Sua oposição ao racionalismo, ao cientificismo e ao tecnicismo criador de um mundo artificial e mecânico, leva o milenarismo a procurar a felicidade paradisíaca numa volta mística à natureza.

Daí o sonho do bom selvagem, das ilhas paradisíacas, das terras em que mana o leite e o mel.

Muitas vezes este sonho que idealiza a natureza vem unido a um desejo de retornar às origens, ao paraíso perdido.

Exemplos dessa atitude naturalista paradisíaca se acham nos poetas gregos antigos (Ilha de Calipso, na Odisséia; Ilha dos Bem-aventurados, Panchaia), em alguns pintores do Renascimento, nos românticos, especialmente em Rousseau, no movimentos hippie e na atual corrente ecologista.

Essa volta à natureza é que exigia o nudismo ritual nas seitas adamitas e nos Irmãos do Livre Espírito (Cfr. N. Cohn - op. cit., pg. 184).

5. Escatologismo - A corrente "mística" das utopias considera que a salvação se fará pelo estabelecimento do Reino de Deus na Terra. Tal evento se daria no fim dos tempo, quando o Messias viria à Terra para abolir a Lei e fundar o reino do Amor.

A História seria uma longa preparação espiritual para a Parúsia cristã ou para o advento do Messias judaico, ou do Mahdi islamita. De qualquer forma, o reino de Deus estaria no futuro e para lá marcharia a humanidade nos caminhos da História.

Todos os milenarismos antigos, que falavam de um reino milenar dos espíritos dos planetas, o milenarismo gnóstico-cristão dos primeiros séculos, o milenarismo sabático do Sefer Temuna que já citamos, os milenarismos do fim da Idade Média e do tempo do Protestantismo, a época dos "Lírios" esperada pelos discípulos de Boehme, se enquadram nessa visão escatológica.

6. Anarquia e antinomismo - Se a grande preocupação da utopia naturalista é realizar a igualdade, a ponto de, para alcançá-la, sacrificar a liberdade, o interesse mor dos milenaristas está na liberdade, não hesitando, para obtê-la, em sacrificar, na prática, a igualdade. A anarquia, porém, de certa forma, daria não só a completa liberdade, mas também a completa igualdade, pois ninguém mandaria.
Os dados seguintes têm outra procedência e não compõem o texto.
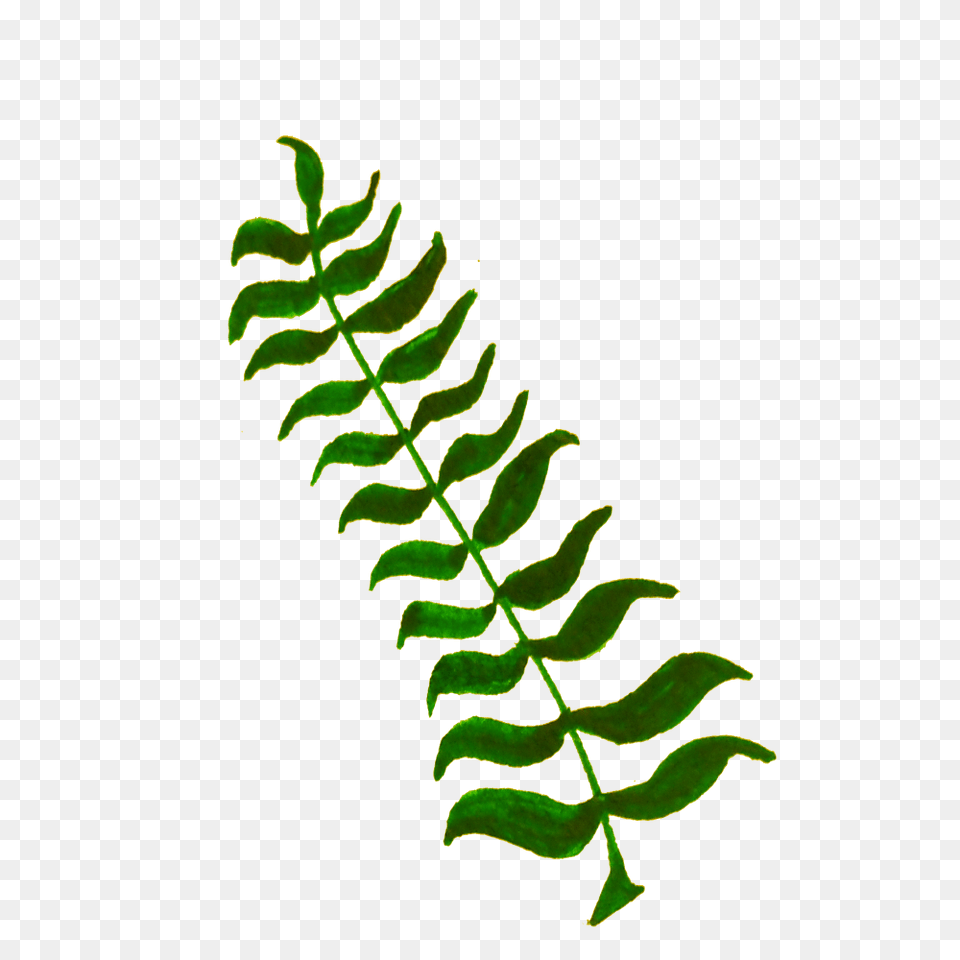 Onlinelabels Clip Art, Fern, Leaf, Plant Free Png Download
O desejo de livrar o homem de toda submissão produziria afinal a anarquia e o antinomismo. Abolir-se-ia o estado e a lei. Alcançando-se a divinização através do êxtase, tudo ficaria permitido, desde o adultério até o roubo, a rapina e o assassinato. Mais ainda, o pecado seria o veículo da salvação. É a teoria da santidade do pecado expressa na cabala, na seita dos Irmãos do Livre Espírito, ou na doutrina dos Carpocráticos (Cfr. Norman Cohn - op. cit., pg. 181-183/ Hans Leisegang, La Gnose, Payot, Paris, 19 / Gershom Scholem - A mística judaica, Perspectiva, São Paulo, 1972, pp. 317-319-320).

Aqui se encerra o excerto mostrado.